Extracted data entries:
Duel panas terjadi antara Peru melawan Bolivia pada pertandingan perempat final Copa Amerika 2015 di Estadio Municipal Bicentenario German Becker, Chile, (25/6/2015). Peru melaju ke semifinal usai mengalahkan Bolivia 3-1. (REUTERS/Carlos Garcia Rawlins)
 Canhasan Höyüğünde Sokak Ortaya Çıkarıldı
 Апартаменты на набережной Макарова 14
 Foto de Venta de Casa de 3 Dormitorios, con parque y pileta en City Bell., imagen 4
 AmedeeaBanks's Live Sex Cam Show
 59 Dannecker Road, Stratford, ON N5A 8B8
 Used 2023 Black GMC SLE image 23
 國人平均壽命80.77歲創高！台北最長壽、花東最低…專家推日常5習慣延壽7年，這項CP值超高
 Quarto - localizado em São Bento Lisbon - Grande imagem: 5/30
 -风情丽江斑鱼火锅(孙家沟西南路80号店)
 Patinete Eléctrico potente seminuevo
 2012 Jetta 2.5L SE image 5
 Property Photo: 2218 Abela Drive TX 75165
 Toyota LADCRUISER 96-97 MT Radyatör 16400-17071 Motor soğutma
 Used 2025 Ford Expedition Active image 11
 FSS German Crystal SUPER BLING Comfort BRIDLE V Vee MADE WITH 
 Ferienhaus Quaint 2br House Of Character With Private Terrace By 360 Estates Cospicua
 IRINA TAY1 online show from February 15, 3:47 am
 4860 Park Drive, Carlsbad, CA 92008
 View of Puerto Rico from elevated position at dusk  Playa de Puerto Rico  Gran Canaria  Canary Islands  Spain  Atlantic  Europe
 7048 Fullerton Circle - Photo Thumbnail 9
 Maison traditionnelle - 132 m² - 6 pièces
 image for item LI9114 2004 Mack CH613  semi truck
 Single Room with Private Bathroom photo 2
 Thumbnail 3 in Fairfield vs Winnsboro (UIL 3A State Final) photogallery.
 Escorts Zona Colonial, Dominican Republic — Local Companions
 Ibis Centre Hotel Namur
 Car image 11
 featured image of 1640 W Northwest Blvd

(Exercise)
Please give an exact copy of the lines above, beginning with the line containing "Patinete Eléctrico potente seminuevo" and running through the line containing "4860 Park Drive, Carlsbad, CA 92008", and of no other lines.

(Answer for the task)
 Patinete Eléctrico potente seminuevo
 2012 Jetta 2.5L SE image 5
 Property Photo: 2218 Abela Drive TX 75165
 Toyota LADCRUISER 96-97 MT Radyatör 16400-17071 Motor soğutma
 Used 2025 Ford Expedition Active image 11
 FSS German Crystal SUPER BLING Comfort BRIDLE V Vee MADE WITH 
 Ferienhaus Quaint 2br House Of Character With Private Terrace By 360 Estates Cospicua
 IRINA TAY1 online show from February 15, 3:47 am
 4860 Park Drive, Carlsbad, CA 92008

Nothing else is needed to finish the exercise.